BRIEF » Transcribe the full listing below, word for word, without pictures.

RECORDED INFORMATION »
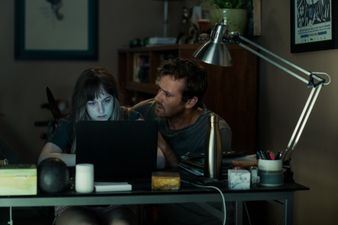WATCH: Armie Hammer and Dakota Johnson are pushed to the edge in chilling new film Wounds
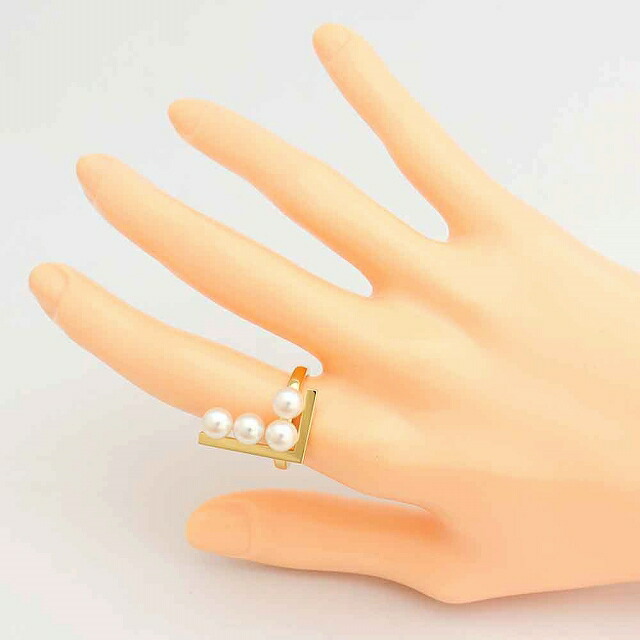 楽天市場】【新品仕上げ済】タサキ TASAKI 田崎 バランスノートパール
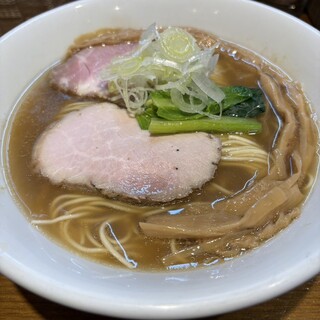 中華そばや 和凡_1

OUTPUT »
WATCH: Armie Hammer and Dakota Johnson are pushed to the edge in chilling new film Wounds
 楽天市場】【新品仕上げ済】タサキ TASAKI 田崎 バランスノートパール
 中華そばや 和凡_1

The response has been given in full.